BEGIN

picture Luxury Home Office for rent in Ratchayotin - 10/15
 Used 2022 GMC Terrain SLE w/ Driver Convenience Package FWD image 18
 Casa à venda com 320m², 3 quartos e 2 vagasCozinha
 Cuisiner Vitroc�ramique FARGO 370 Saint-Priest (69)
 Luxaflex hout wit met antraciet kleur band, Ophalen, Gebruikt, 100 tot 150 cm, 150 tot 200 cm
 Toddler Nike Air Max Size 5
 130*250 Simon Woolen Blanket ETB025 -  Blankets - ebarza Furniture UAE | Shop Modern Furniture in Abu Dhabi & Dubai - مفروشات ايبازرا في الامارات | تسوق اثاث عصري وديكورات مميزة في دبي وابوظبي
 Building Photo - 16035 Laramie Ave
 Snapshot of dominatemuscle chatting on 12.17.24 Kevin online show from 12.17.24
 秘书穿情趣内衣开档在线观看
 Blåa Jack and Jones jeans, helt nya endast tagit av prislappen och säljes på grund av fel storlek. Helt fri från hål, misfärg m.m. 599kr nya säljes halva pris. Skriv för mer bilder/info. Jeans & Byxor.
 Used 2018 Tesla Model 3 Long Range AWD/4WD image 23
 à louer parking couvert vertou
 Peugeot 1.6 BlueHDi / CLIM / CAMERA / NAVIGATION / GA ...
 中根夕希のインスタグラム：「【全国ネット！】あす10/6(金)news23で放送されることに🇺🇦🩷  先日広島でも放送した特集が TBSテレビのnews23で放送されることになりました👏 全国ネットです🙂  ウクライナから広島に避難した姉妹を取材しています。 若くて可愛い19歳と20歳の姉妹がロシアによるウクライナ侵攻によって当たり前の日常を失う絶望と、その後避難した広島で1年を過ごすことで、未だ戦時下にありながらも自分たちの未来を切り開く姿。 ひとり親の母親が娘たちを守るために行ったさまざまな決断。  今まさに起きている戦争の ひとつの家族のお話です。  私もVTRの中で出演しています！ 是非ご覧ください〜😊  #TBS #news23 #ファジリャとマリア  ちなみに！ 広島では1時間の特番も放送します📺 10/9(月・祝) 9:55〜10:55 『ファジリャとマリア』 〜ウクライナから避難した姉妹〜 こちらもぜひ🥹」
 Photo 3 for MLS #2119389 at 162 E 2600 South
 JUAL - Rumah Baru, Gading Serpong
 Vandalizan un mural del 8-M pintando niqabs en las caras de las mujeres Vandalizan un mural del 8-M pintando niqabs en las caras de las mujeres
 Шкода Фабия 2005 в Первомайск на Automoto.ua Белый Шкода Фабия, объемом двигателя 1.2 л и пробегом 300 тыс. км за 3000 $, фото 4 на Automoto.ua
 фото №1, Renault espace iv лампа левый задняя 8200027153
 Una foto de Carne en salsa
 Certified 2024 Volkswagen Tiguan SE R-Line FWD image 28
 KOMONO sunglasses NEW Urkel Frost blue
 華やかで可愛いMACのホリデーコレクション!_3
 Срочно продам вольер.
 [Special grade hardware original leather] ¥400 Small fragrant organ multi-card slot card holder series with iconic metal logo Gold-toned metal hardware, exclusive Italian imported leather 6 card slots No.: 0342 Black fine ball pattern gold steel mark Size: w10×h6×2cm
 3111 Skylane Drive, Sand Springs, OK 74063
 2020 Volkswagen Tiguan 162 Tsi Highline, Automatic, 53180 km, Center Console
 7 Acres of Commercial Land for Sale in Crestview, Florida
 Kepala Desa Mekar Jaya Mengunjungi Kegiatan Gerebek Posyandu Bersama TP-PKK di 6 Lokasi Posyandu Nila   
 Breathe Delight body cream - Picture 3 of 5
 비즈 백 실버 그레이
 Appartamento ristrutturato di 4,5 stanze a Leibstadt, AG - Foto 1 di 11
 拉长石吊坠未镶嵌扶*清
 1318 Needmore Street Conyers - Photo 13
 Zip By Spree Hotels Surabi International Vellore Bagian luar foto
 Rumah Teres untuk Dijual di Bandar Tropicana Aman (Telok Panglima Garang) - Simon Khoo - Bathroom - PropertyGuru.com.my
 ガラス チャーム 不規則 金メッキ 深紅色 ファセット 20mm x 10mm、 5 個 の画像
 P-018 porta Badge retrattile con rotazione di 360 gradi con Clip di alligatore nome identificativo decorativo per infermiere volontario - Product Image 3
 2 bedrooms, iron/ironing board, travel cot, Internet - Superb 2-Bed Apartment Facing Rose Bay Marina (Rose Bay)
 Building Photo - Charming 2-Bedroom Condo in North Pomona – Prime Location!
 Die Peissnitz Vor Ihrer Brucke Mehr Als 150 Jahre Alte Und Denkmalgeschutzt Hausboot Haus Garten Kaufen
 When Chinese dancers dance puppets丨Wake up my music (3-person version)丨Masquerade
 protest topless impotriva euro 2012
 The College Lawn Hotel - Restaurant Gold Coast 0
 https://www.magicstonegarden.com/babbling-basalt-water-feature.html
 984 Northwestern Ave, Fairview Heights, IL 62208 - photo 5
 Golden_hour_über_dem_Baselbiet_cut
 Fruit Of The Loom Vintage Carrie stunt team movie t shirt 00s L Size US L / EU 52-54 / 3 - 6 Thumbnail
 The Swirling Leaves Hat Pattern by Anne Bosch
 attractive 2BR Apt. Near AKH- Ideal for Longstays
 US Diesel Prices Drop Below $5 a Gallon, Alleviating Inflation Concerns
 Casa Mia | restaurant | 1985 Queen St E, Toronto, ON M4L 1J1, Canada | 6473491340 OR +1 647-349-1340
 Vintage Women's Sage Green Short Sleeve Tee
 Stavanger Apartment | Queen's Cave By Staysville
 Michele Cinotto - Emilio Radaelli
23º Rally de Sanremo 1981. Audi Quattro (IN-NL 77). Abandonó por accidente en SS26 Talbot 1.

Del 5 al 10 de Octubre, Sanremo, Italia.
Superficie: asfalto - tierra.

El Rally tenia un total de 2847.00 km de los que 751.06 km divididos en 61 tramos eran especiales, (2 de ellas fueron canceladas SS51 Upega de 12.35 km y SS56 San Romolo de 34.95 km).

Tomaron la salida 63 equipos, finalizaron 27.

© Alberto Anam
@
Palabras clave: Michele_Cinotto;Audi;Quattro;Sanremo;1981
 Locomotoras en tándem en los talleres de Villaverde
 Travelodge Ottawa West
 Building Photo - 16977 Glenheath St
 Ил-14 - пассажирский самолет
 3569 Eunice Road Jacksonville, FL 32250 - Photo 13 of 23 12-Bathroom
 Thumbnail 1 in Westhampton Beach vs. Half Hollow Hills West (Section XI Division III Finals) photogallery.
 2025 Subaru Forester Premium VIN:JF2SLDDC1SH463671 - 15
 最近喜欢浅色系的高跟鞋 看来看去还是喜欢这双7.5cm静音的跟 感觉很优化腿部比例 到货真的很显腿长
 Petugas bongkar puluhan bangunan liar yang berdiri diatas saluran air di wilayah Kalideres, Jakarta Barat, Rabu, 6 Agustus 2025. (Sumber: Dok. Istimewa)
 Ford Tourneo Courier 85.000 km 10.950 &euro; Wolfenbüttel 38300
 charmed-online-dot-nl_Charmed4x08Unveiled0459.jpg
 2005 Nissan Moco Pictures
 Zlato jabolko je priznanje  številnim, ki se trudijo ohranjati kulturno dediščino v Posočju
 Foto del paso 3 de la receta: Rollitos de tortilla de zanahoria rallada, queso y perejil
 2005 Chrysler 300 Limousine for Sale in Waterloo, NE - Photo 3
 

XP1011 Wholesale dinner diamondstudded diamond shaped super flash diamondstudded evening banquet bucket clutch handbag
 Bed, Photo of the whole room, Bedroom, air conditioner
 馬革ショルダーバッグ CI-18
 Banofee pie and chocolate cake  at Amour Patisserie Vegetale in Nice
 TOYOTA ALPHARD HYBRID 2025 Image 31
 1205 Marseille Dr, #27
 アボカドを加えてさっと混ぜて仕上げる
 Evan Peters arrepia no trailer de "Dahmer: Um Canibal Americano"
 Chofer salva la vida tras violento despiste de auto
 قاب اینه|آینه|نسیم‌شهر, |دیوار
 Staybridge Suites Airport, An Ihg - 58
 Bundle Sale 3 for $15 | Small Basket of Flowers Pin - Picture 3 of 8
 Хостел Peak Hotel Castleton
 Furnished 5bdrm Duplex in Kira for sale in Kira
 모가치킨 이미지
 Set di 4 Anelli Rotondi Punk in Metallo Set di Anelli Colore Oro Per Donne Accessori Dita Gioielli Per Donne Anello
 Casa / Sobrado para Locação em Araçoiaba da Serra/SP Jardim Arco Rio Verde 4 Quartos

END

**WORK TO BE COMPLETED:**
Lines of the material in which the word "euro" occurs are to be copied out.

**RESPONSE BOX:**
 protest topless impotriva euro 2012
 Ford Tourneo Courier 85.000 km 10.950 &euro; Wolfenbüttel 38300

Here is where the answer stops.